Elizabeth Malloy and her boyfriend, Adam Morrey, 30, were back country skiing in the West Porter Fork area of Mill Creek Canyon on Jan. 12. Both are avid back country skiers and were well-prepared for the elements and terrain. However, late that afternoon, the couple decided to press their luck. Malloy admitted that their desire to have more fun clouded their judgment.
Malloy and Morrey were caught off-guard when a 700-foot wide slab of snow broke free and started sliding toward them. Morrey was able to avoid the brunt of the avalanche, but was still buried up to his chest. Malloy was hiking uphill at the time of the slide, and her ski boots were loosened so it was nearly impossible to escape the danger. Officials say she was caught up in the avalanche and buried face-first.
For hours, Morrey worked to free his girlfriend from the snowy trap.
“It’s extremely cold up here, we wanted to get crews to her as soon as possible,” said Lt. Justin Hoyal of the Unified Police Dept.
Authorities also said Malloy created a small pocket of air beneath the snow, which extended her breathable oxygen. Morrey, meanwhile, was frantically searching for her -- fortunately, with the help of a locator beacon. Eventually, he located her position and began to dig her out with his avalanche shovel. When he pulled Malloy out of the snow, she was unconscious but still breathing. Then her heart stopped.

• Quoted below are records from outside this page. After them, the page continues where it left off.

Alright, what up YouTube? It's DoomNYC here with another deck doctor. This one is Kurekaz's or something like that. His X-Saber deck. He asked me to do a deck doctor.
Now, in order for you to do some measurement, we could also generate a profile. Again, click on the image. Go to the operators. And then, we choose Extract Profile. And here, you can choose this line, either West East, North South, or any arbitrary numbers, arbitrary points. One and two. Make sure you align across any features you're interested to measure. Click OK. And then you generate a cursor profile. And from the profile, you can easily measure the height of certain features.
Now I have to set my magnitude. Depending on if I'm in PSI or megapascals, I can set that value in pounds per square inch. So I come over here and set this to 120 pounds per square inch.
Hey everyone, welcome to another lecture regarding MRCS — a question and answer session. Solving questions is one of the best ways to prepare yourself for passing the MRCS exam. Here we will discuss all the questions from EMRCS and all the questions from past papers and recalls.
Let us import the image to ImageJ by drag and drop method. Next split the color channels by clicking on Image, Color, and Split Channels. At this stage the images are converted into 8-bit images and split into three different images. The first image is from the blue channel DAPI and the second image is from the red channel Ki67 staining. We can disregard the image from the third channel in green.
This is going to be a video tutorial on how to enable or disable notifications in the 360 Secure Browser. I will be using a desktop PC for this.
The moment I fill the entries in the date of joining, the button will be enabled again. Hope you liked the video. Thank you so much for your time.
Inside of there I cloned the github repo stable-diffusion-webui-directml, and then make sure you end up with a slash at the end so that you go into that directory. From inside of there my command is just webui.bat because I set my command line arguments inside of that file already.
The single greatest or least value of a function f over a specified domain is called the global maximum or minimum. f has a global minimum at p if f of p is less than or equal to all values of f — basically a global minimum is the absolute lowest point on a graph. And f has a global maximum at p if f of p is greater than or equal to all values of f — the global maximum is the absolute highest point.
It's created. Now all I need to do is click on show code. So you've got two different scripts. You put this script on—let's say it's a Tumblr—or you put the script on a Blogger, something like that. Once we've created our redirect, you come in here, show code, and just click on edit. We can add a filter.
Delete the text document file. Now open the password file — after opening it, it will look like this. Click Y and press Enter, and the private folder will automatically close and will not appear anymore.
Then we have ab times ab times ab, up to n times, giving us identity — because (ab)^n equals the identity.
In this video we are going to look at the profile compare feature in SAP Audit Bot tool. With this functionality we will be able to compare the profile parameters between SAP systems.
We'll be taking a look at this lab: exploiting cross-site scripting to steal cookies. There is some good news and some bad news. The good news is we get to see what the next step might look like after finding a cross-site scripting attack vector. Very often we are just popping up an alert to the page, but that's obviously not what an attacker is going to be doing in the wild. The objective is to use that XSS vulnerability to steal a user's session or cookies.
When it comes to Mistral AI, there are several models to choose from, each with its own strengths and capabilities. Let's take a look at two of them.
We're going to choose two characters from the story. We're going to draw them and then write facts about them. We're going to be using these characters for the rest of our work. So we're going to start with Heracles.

Officials say Morrey began CPR immediately, which revived the woman's heartbeat. Malloy, though unconscious at the time, said that she actually remembers Morrey performing mouth-to-mouth resuscitation -- although, at first, she didn't realize that's what he was doing.
"I remember being woken up by sweet kisses," she said, according to the Deseret News. "I was being woken up by being kissed awake."
Morrey then spent the next three hours slowly transporting his girlfriend down the canyon. A rescue helicopter eventually reached the couple and transported them to the University of Utah Hospital -- where Malloy was listed in serious condition. She was ultimately discharged with no serious injuries.
Authorities said because the skiers were well-prepared with the necessary equipment, it was likely the difference between life and death for Malloy.